As expected for divergent peptide selectivity in the different HLA molecules, the theoretical peptide binding profiles displayed considerable variability, except for a prominent dip in affinity spanning from peptide 9 to peptide 13, corresponding to residues 72–110 (Fig. 3). The dip in affinity almost completely overlaps the largest gap in the compilation of experimental epitope profiles. The dip in MHCII affinity and epitope gap coincide with a large surface-exposed loop in the N-terminal segment of domain II that includes the highly conserved fusion peptide (Figs. 2 and 4A). Thus, the single least immunogenic segment in the protein coincides with its most conserved structural feature (the fusion loop). The coincidence of low MHCII affinity and conformational flexibility most probably derives from the high content of charged amino acids in the surface-exposed loop.
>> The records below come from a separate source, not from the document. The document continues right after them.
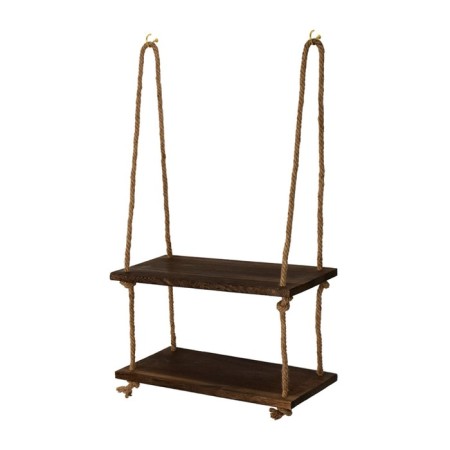 QWERTY TIVAT shelf, on ropes, 2 tiers, 40x20 cm, thickness 1.5 cm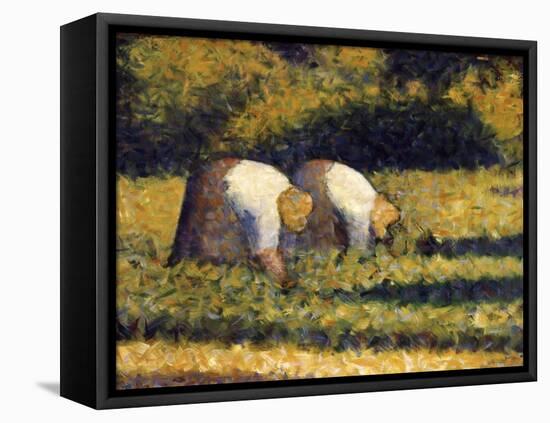 Farm Women at Work-Georges Seurat-Framed Premier Image Canvas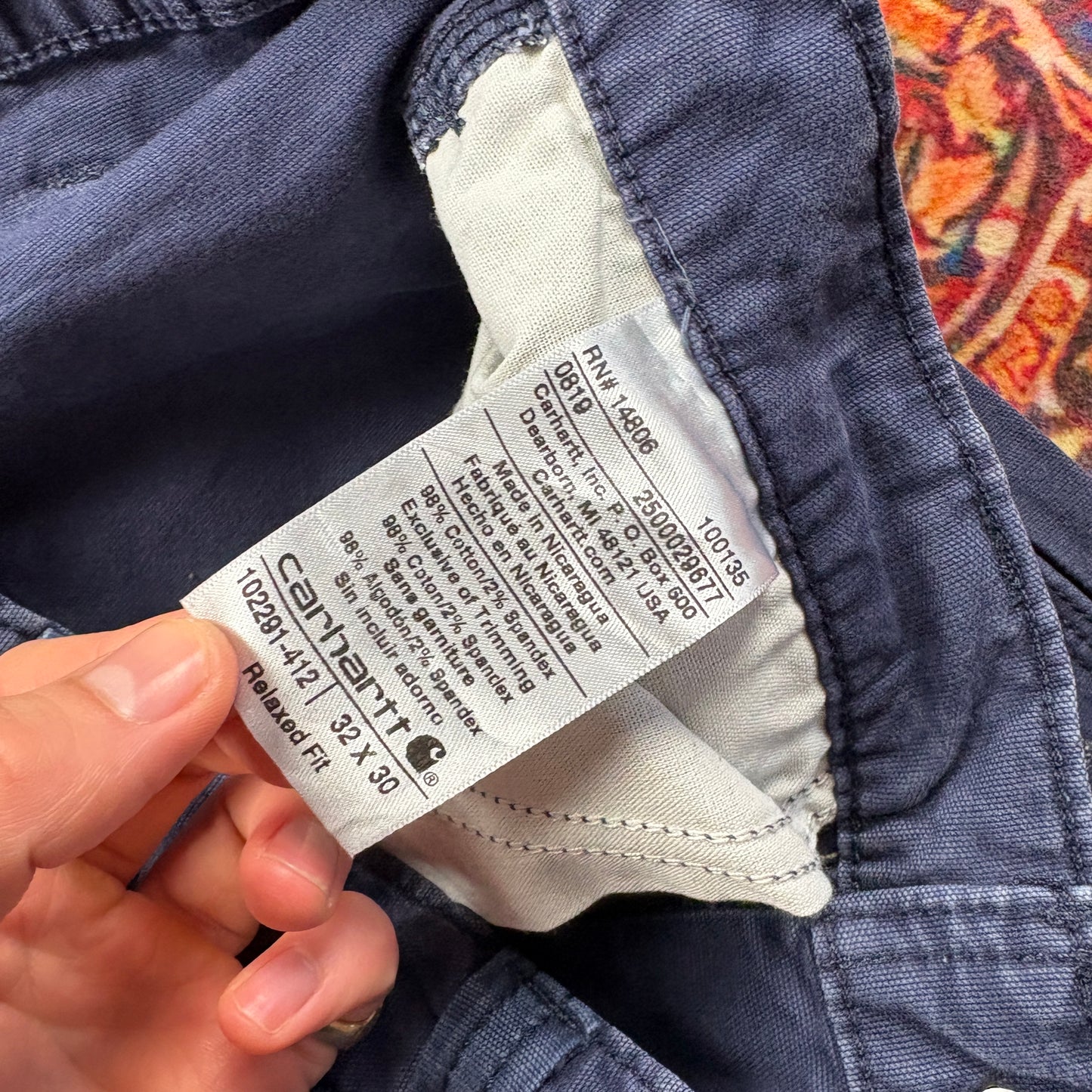 Vintage Carhartt Navy Workwear Carpenter Straight Trousers - 32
Since the flavivirus structures are well conserved, we examined the predicted binding of the same group of seven HLA molecules to E from TBEV and DFV2. For these two viruses, the dip in MHCII affinity was not so prominent (Fig. 3). From the information presently available, we cannot determine whether the seven HLA molecules in the YFV study adequately represent the human populations that yielded the epitope maps for these three viruses. On the one hand, it is possible that the collection of HLA molecules was appropriate for YFV, but not for DFV2, because the two viruses came under selective pressure to reduce MHCII binding affinity in different human populations. On the other hand, the lack of MHCII affinity may be only part of the explanation for the gap in CD4+ epitope immunogenicity. Another potential explanation is that surface exposure and conformational flexibility of the gap sequence make it a target of destructive proteolytic antigen processing.
The second gap in the CD4+ epitope map of E from YFV (residues 150–158) exhibits typical affinities for the HLA molecules tested; and thus, its poor immunogenicity cannot be attributed to weak MHCII binding (Fig. 3). This gap corresponds to a surface-exposed loop (example for TBEV in Fig. 4A) that becomes completely disordered in the postfusion E structures of TBEV, DFV1, DFV2, and SLEV. We hypothesize that potential epitopes in this segment of E were destroyed by an early proteolytic processing event.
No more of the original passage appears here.